▶ **WHAT YOU NEED TO DO**
Repeat the listing below in full, exactly.

▶ **DATA SHOWN**
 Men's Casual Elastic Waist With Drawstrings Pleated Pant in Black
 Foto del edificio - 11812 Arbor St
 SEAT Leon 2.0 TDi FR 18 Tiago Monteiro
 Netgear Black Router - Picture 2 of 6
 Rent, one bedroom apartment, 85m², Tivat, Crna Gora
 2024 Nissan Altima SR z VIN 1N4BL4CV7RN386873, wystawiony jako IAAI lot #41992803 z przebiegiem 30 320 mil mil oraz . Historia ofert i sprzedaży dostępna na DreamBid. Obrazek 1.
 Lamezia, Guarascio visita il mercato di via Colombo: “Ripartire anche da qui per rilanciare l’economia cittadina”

▶ **RESPONSE TO THE EXERCISE**
 Men's Casual Elastic Waist With Drawstrings Pleated Pant in Black
 Foto del edificio - 11812 Arbor St
 SEAT Leon 2.0 TDi FR 18 Tiago Monteiro
 Netgear Black Router - Picture 2 of 6
 Rent, one bedroom apartment, 85m², Tivat, Crna Gora
 2024 Nissan Altima SR z VIN 1N4BL4CV7RN386873, wystawiony jako IAAI lot #41992803 z przebiegiem 30 320 mil mil oraz . Historia ofert i sprzedaży dostępna na DreamBid. Obrazek 1.
 Lamezia, Guarascio visita il mercato di via Colombo: “Ripartire anche da qui per rilanciare l’economia cittadina”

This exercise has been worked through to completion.